Postpartum depression affects 10 to 15% of women in the nation, according to Intermountain Healthcare. Clinicians in Southern Utah created a new support group to help moms, sensing a strong need in the community.
“For me, it was wanting to pack my bags and run away,” said Washington City resident Shyann Brown.
Brown suffered from postpartum depression with each of her three children. She said she felt overwhelmed with the pressures of a new baby and lack of sleep.
“I didn’t ever want to leave the house,” Brown said. “I felt like it was just too much hassle.”
Brown said having a strong support network of family and friends helped her symptoms improve over time. She said the new support group at Intermountain Healthcare in St. George is a great way to help new moms cope.
“We didn’t know of anything available in the community and had heard through several sources that there was a dire need,” said Intermountain Healthcare nurse practitioner Melissa Sorenson.
The support group meets every Thursday at 5:30 p.m. at Intermountain Psychiatry and Counseling in St. George and aims to be a place where moms can go and not feel judged.
“Moms have been too afraid to even come into the building for the support group,” Sorensen said. “They’ve driven here and felt they were going to be judged.”
“They feel like they’re bad moms,” Intermountain Healthcare clinical social worker Gayla Reinhardt said. “We reassure them that they’re not bad moms.”
Women suffering from postpartum depression may deal with frequent crying, lack of appetite, trouble sleeping, and feelings of guilt or worthlessness, according to Intermountain Healthcare.
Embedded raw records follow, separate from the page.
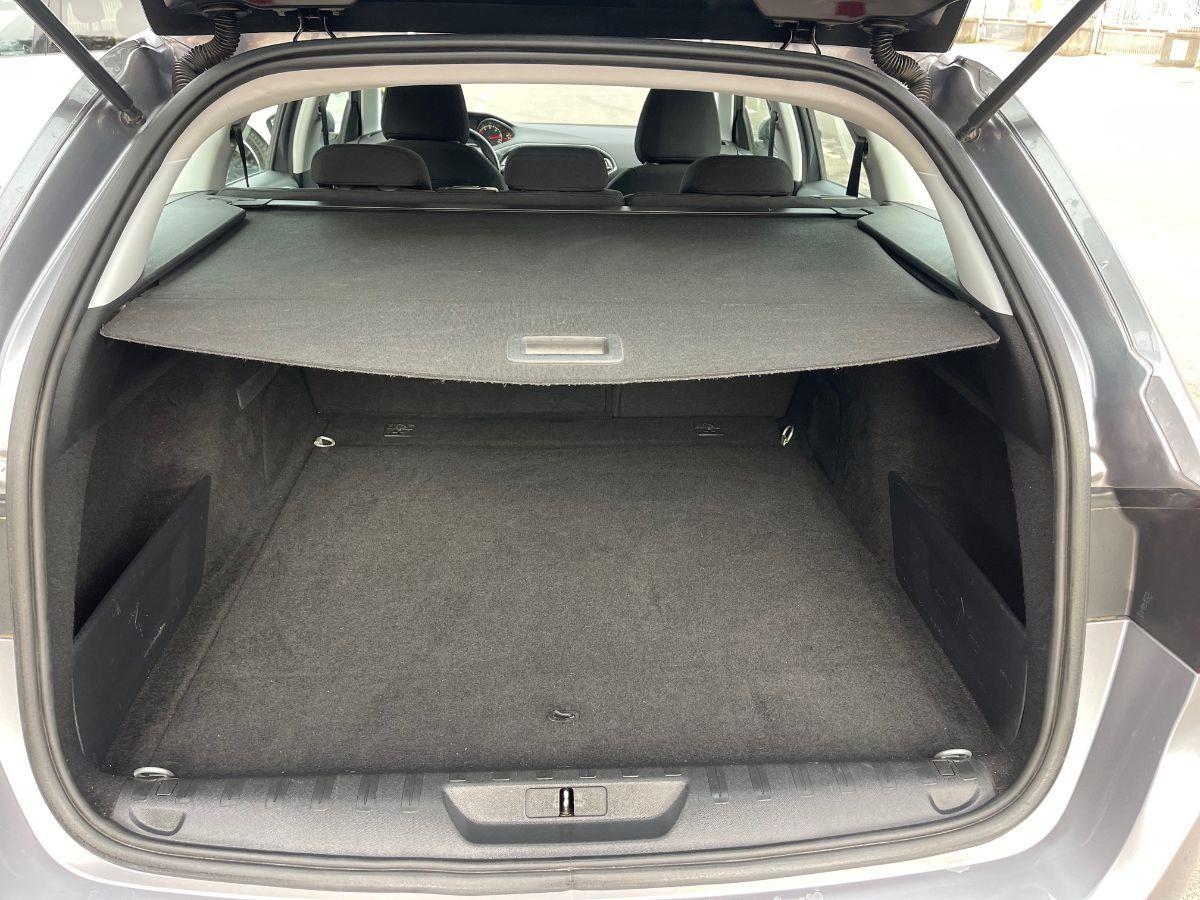 PEUGEOT - 308 - BlueHDi 120 S&S SW Business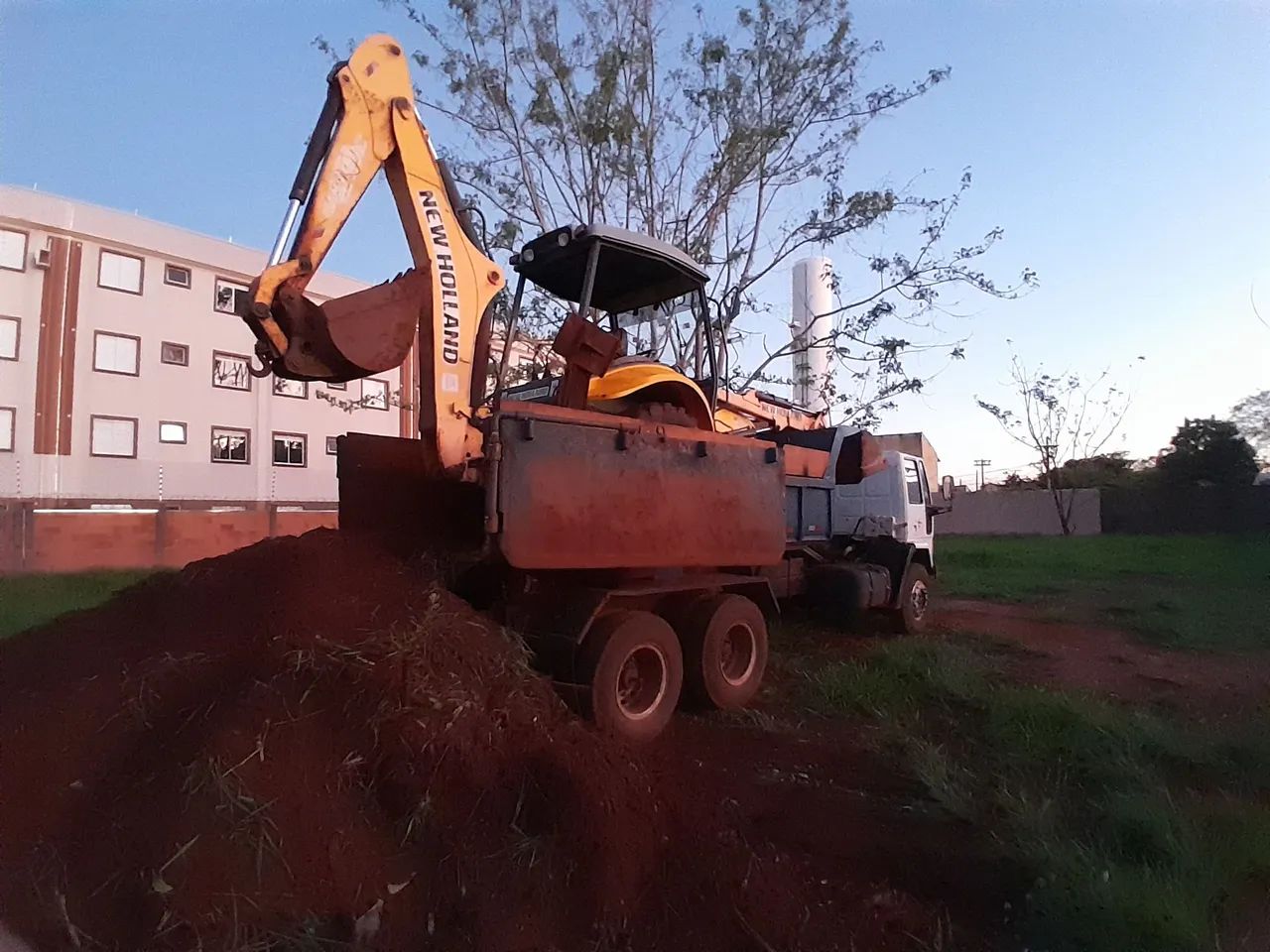 Caminhao caçamba  - Foto 4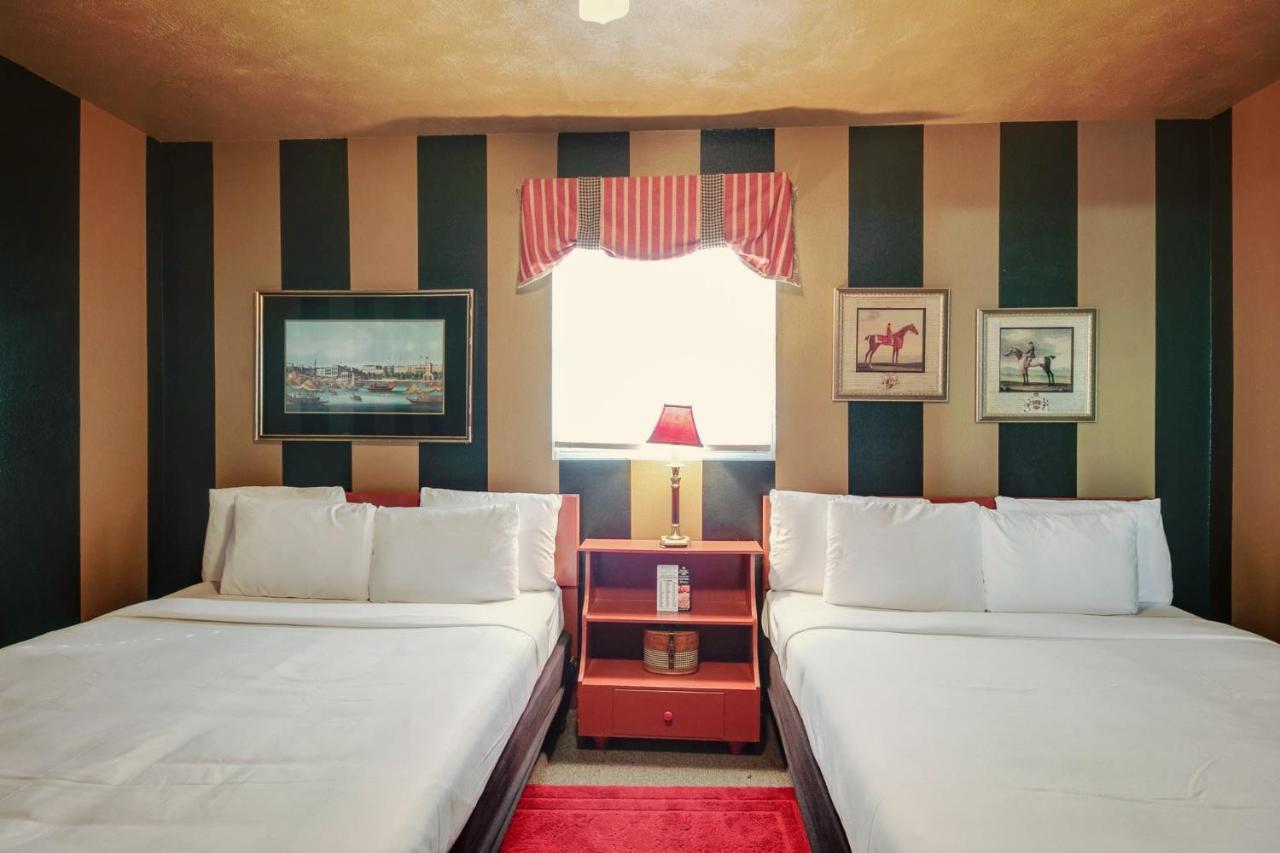 Wamego Simmer Motel מראה חיצוני תמונה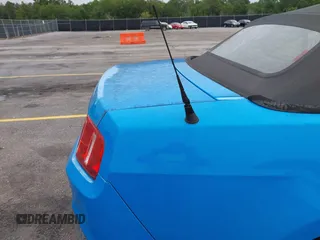 2010 Ford Mustang V6 с VIN 1ZVBP8EN8A5179686, выставлен на аукционе IAAI как лот 42369977 с пробегом 112 065 миль миль и . История ставок и продаж доступна на DreamBid. Изображение 13.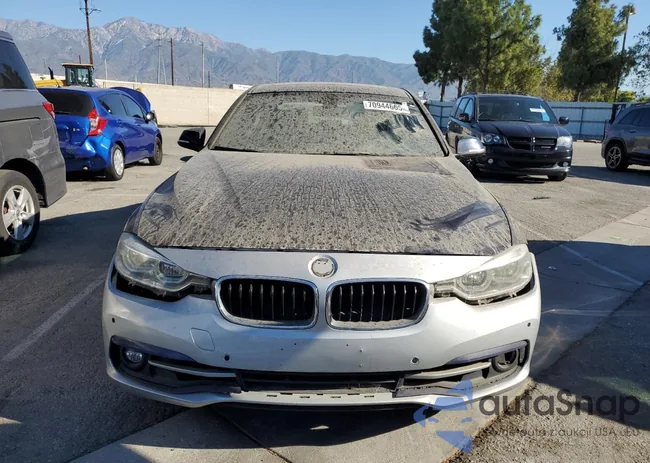 WBA8B9G31HNU53766: 70944665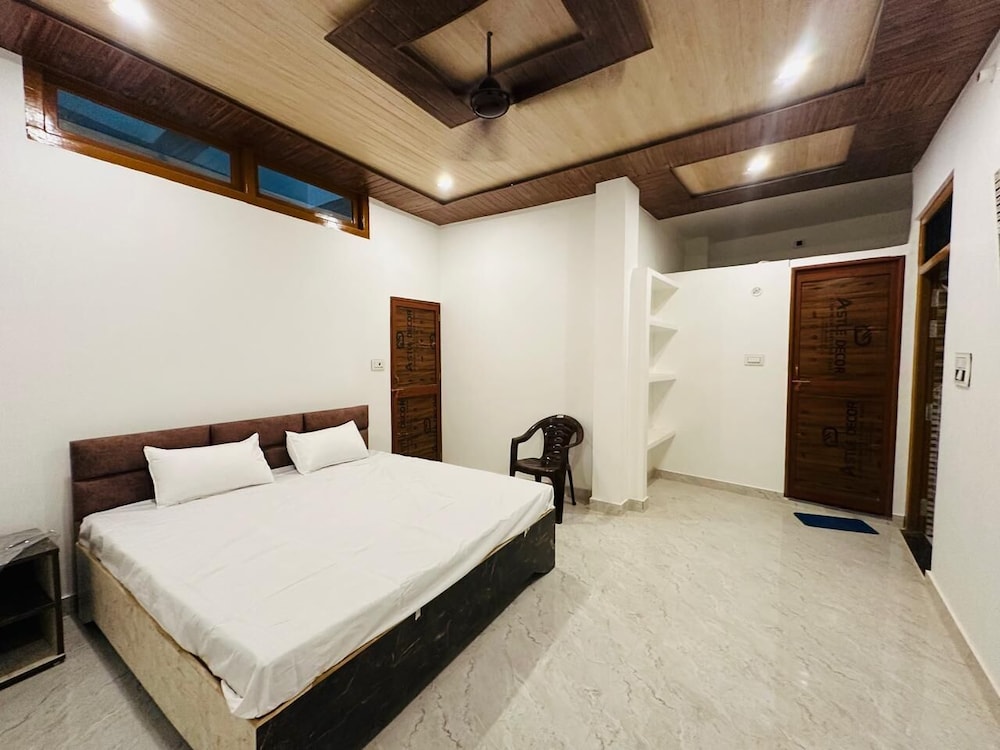 Deluxe Double Room, 2 Bedrooms, Private Bathroom photo 1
“No woman should ever feel embarrassed or ashamed, as it’s a hormone imbalance,” Intermountain Healthcare nurse practitioner Carol Graff said. “You add on a new baby and lack of sleep and stressors and it can just make that much worse.”
With the support group, clinicians at Intermountain Healthcare hope to erase the stigma with postpartum depression.
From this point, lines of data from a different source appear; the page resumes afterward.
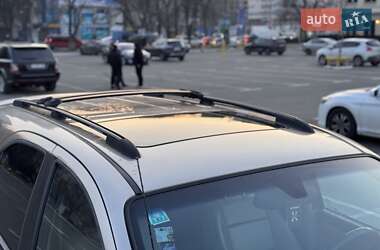 Позашляховик / Кросовер Kia Sorento 2004 в Києві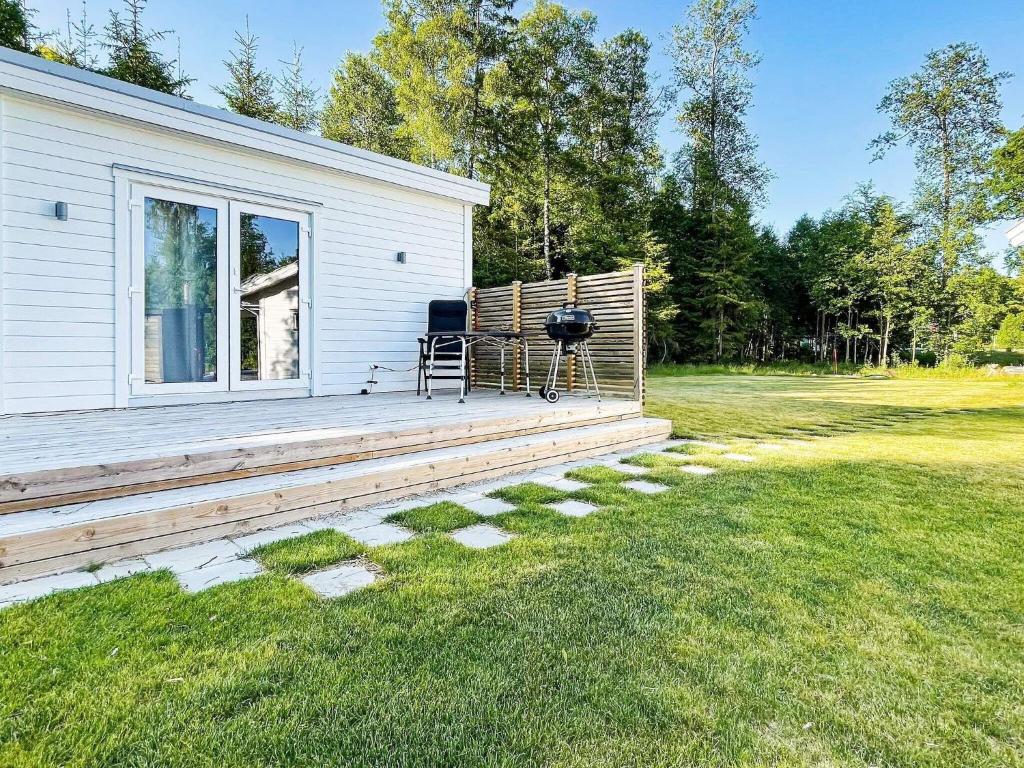 永比Holiday home LJUNGBY IV的一座房子,上面有烧烤架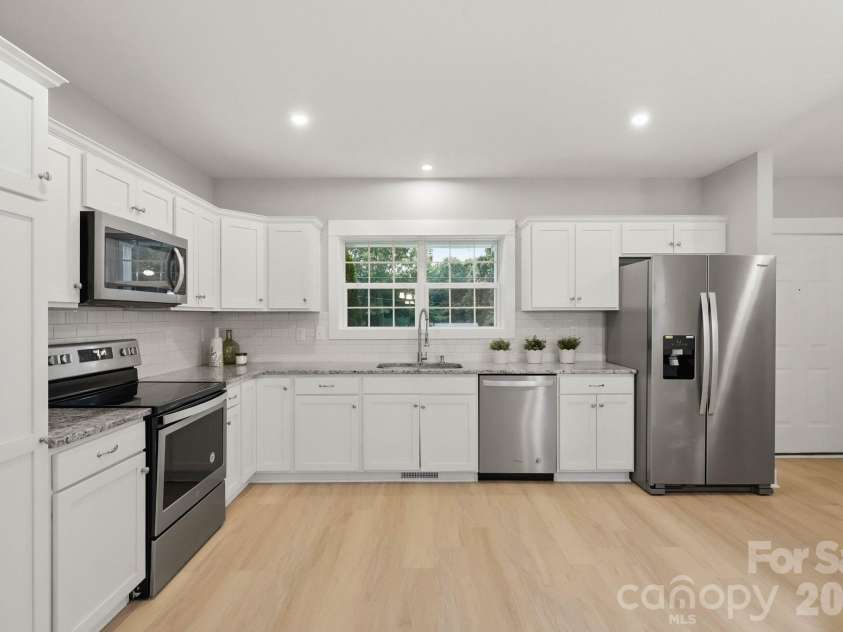 4888 Slanting Bridge Road, Sherrills Ford, NC 28673.  MLS# CAR4409082, YatesRealty ID 40989. 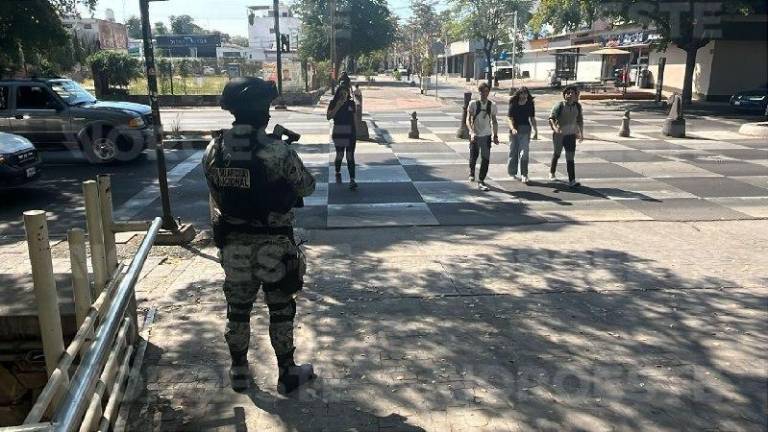 Elementos de la Guardia Nacional mantienen vigilancia permanente en el Puente Bimodal del Malecón Viejo.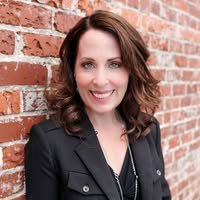 Kendra Elliot is a bestselling author romantic suspense and thriller novels.
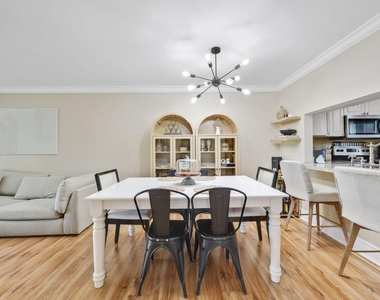 2700 Fiore Way - Photo Thumbnail 5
“They’re usually crying when they come in and smiling when they leave,” said Reinhardt.
Reinhardt said the support group is free and they will add as many sessions as needed for the community.
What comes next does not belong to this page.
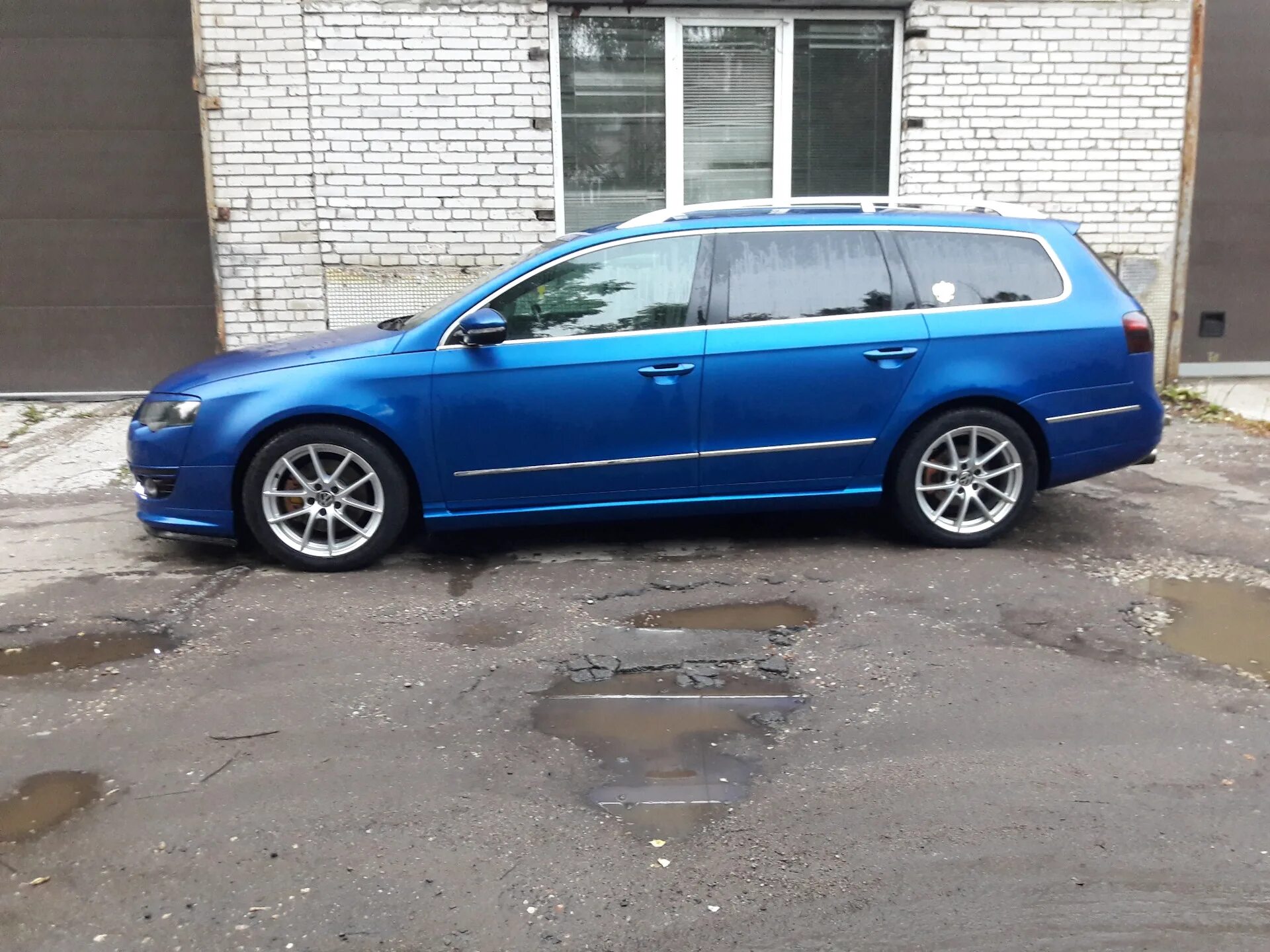 Passat variant r17. Volkswagen passat variant b7 белая. 225/55 r17 на пассат б6. Диски vw passat b6. Колесо пассат универсал.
If you have any questions or would like more information about the support group, contact Intermountain Psychiatry and Counseling at 435-251-5900.
According to a fact sheet for patients and families at Intermountain Healthcare, postpartum depression symptoms include:
- Feelings of sadness that last most of the day
- Frequent crying
- Lack of appetite
- Trouble sleeping
- Severe tiredness or wanting to sleep all the time
- Feelings of guilt or worthlessness
- Loss of interest in people and activities
- Trouble concentrating
- Negative feelings about the baby
- Thoughts of hurting yourself or the baby
- Intense anger, anxiety, or irritability
- Feeling confused, seeing or hearing things that aren’t there, or having thoughts that don’t make sense
Intermountain Healthcare suggests the following ways to take care of yourself during this time:
- Stay close to people who can support you. Don’t shut out concerned family and friends. Talk to them about how you’re feeling. Let them help in practical ways. If you know other new moms, get together and share your experiences.
- Don’t be alone. If your depressions symptoms are severe, ask a family member or friend to stay with you if your partner has to go to work.
- Try to get some physical activity every day. For example, taking a walk outdoors with your baby can help your mood. (If you have other children, ask someone to watch them while you get some exercise.)
- Take it easy on yourself. Don’t worry about getting everything done. It’s okay to lower your expectations and it’s okay to ask for help.
- Try to get enough sleep. If you’re having trouble sleeping, take a nap while your baby is asleep. If you have other children, it may help to have someone watch them so you get some sleep while the baby sleeps.